# Bourbon Decision



## OtterAKL4987 (Jun 4, 2007)

I am a fan of bourbon, specifically Knob Creek (my sig line). However, I do like to branch out occasionally. My local grocery store has both Buffalo Trace and Elijah Craig 12yo for about $18. Out of the two, any advice, suggestions, reviews? Thanks.


----------



## Joan (Dec 1, 2007)

OtterAKL4987 said:


> I am a fan of bourbon, specifically Knob Creek (my sig line). However, I do like to branch out occasionally. My local grocery store has both Buffalo Trace and Elijah Craig 12yo for about $18. Out of the two, any advice, suggestions, reviews? Thanks.


Can't go wrong with any of the mid shelf spirits, Booker's, Maker's, Woodford, etc. But I am so spoiled. The whiskey bar with 135 luscious bourbons is across the street from my office:

http://www.fxmcrorys.com/fxwhiskeybar.html

My latest favorite for fishing and motorcycle camping (transfered to a nonbreakable container) is Bulleit. I'm having a wee dram right now, actually. Last year a friend gave me a bottle of Evan SB after performing his wedding and woooo, that was five stars good!

I was all set to include some nice samples I've been collecting in a pass going around, but I just learned last weekend that sending alcohol through the mail can be quite hazardous. [Thanks for the info, CigarGal!] DANG IT!

Good luck Otter! Bourbon = Good!


----------



## Volt (Jan 6, 2008)

OtterAKL4987 said:


> I am a fan of bourbon, specifically Knob Creek (my sig line). However, I do like to branch out occasionally. My local grocery store has both Buffalo Trace and Elijah Craig 12yo for about $18. Out of the two, any advice, suggestions, reviews? Thanks.


Not sure on those two, I haven't tried them. I wouldn't mind hearing a review on what ever you do try. On the other hand I can recommend Evan williams 10 yr old Single barrel. Not sweet, has a nice smooth boubon taste up front and a peppery taste to finish. About $20 - $24 a fith. I like it on the rocks with a lime twist.

A riding Brother, attended the bourbon festival in Bardstown, Ky last year. They even made him an jhonory judge. The info he came back with is amazing. Bourbon is every bit as in depth as a cigar is. He watched the master distillers tell brands and makes with just a tiny taste. A pallatte that subtle is amazing to me. We are going to ride out this Sept to attend at this time. Here is the link if you want to check it out. It's where all the medals and bourbon of the year is selected.

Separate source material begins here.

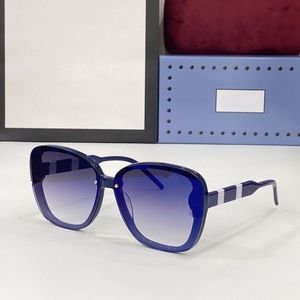 2023 femmes hommes haute qualité mode lunettes de soleil bleu bandes blanches planche cadre lunettes carrées disponibles avec boîte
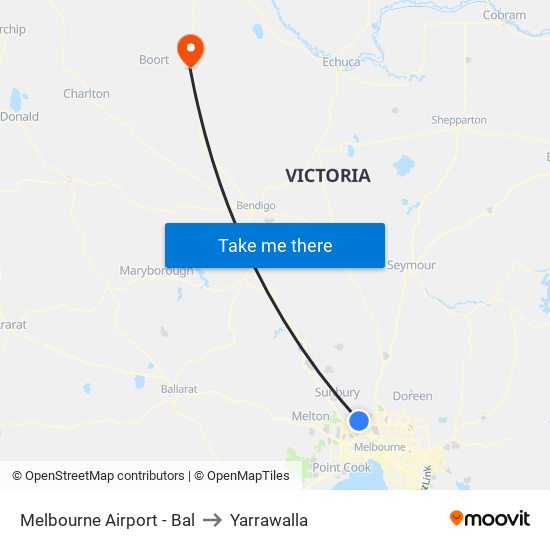 Melbourne Airport - Bal to Yarrawalla map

http://www.kybourbonfestival.com/


----------



## Mr.Maduro (Aug 2, 2006)

My favorite is Buffalo Trace. You'll pick up some really sweet flavors with hints of vanilla!! :dr


----------



## newcigarz (Feb 11, 2007)

Mr.Maduro said:


> My favorite is Buffalo Trace. You'll pick up some really sweet flavors with hints of vanilla!! :dr


I've heard this is good but my local store doesn't carry it. :tg


----------



## Mr.Maduro (Aug 2, 2006)

newcigarz said:


> I've heard this is good but my local store doesn't carry it. :tg


PM Sent.


----------



## awsmith4 (Jun 5, 2007)

I've only tried the Elijah Craig of the two and remember enjoying it. Another good budget bourbon is the Evan Williams Single Barrel


----------



## boonedoggle (Jun 23, 2006)

Mr.Maduro said:


> My favorite is Buffalo Trace. You'll pick up some really sweet flavors with hints of vanilla!! :dr


I had some a while back neat and I thought it was probably the best flavored bourbon I've ever had!


----------



## okbrewer (Nov 26, 2007)

For that price, buy both! I'm partial to the Elijah Craig, it's probably one of the best deals out there, a smooth tasting bourbon for a reasonable price. With that said, I also like Buffalo Trace, but I can't usually find it locally.

If anyone can find Rittenhouse Rye at a reasonable price, pm me please!


Bob R in OKC


----------



## okbrewer (Nov 26, 2007)

Oh, and here's a link to a review done by my friend Lew Bryson, Managing Editor of Malt Advocate magazine:

http://www.epinions.com/fddk-review-3272-F9B54B-390860B7-prod1

It's a few years old, but still pertinent.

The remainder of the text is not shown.